Many of the special characters are leftovers from the days when there were no computer monitors. In those days the UNIX command line was typed out using a specially modifed typewriter called a Teletype.

It’s pretty commont to use \t and \n in strings:

print('Special characters:\nNo tab\n\tOne tab\n\t\tTwo tabs\n\t\t\tThree tabs')

Enter the print statement into the cell below.

[ ]:

Notice what the special characters do?

UTF Encoding

There’s a problem with ASCII. What about if you want to interchange information with non-Americans? ASCII only contains the English alphabet, so you can’t write things in other languages. In 1960 when ASCII was developed few other coutries had computers. Now, people all over the world have computers in their pocket. To address this problem the UTF family of encodings was created. UTF is short for Unicode Transformation Format. UTF encodings contain enough characters for every human language and emojis!

In ASCII every character is one byte (8-bits, with only 7 used). UTF characters can be between one and four bytes (8 to 32 bits). The ord and chr functions are only work on single-byte characters so the new functions encode and decode are used to do the same job.

Byte Strings

In order to understand what encode and decode do you need to know about a type of string that I haven’t mentioned yet. The b-string is used to express raw bytes. Raw bytes are a bunch of numbers. They can be converted to strings using an encoding.

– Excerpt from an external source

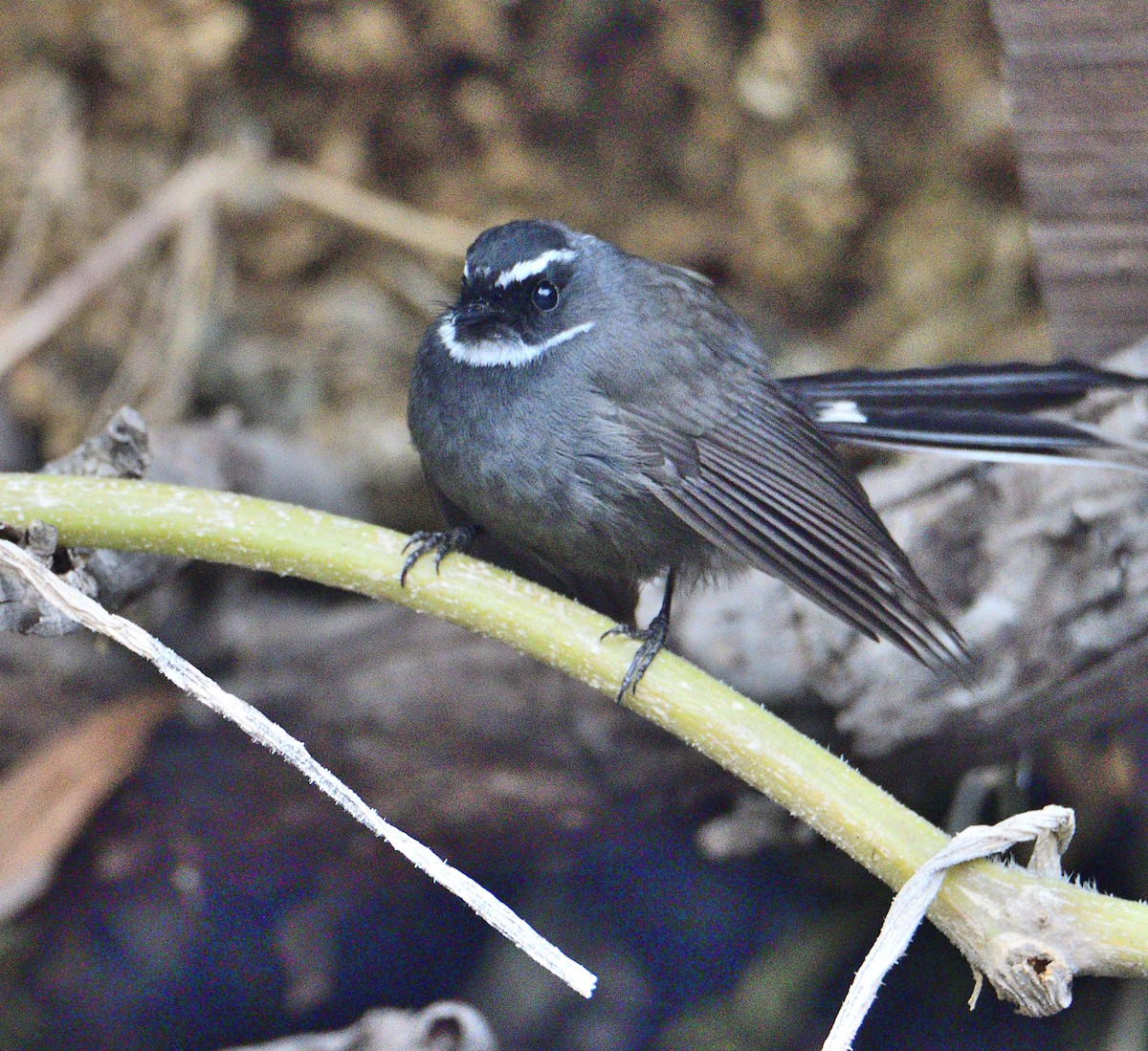 White-throated Fantail - ML615424963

Here’s how you specify a b-string. Each hexadecimal value in the b-string starts with \x. So \x01 is how you write hexadecimal 0x01.

bytes = b'\xF0\x9F\x98\xB8'

The decode function applies a character encoding to bytes and returns a string. See what happens when you encode the bytes from the previous example:

print(bytes.decode('utf-8'))

Enter the example lines to see the decoded bytes:

[ ]:

Meow! The encode and decode functions cannot automatically determine the character encoding, you have to tell them. See what happens to the code above if you try to decode the bytes as “ascii”.

The encode() function does the reverse. Here’s how to convert the smiling cat face emoji to the ‘utf-32’ format.

[1]:
'🤖'.encode('utf-32')
[1]:
b'\xff\xfe\x00\x00\x16\xf9\x01\x00'

Check out your favorite emojis at https://getemoji.com/. Try encoding them to see what they look like in bytes. After that take a look at the standard encodings that are built into Python. Try encoding your favorite emoji with different codecs (short for coder-decoder).

File Encodings

Files are made of raw bytes. When you open a file Python 3 assumes that the file is UTF-8 encoded and the familiar functions like readline() return strings. That’s not always what you want. Placing the letter b in the file mode tells Python to return bytes instead of strings.

[1]:
with open('files/languages.txt', 'rb') as f:
    print (f.readline())
    print (f.readline())
    print (f.readline())
    print (f.readline())
b'Afrikaans\n'
b'\xe1\x8a\xa0\xe1\x88\x9b\xe1\x88\xad\xe1\x8a\x9b\n'
b'\xd0\x90\xd2\xa7\xd1\x81\xd1\x88\xd3\x99\xd0\xb0\n'
b'\xd8\xa7\xd9\x84\xd8\xb9\xd8\xb1\xd8\xa8\xd9\x8a\xd8\xa9\n'

The b flag is important when you’re trying to read binary files like images or videos. If you’re trying to read a text file with an alternate encoding you can pass the encoding= keyword argument to open(). Here’s an example where the file encoding is explicity set.

[3]:
with open('files/languages.txt', 'r', encoding='utf-8') as f:
    print (f.readline())
    print (f.readline())
    print (f.readline())
    print (f.readline())
Afrikaans

አማርኛ

Аҧсшәа

العربية

Exercise

Write a Python program that translates files from ASCII encoding to UTF-32 encoding.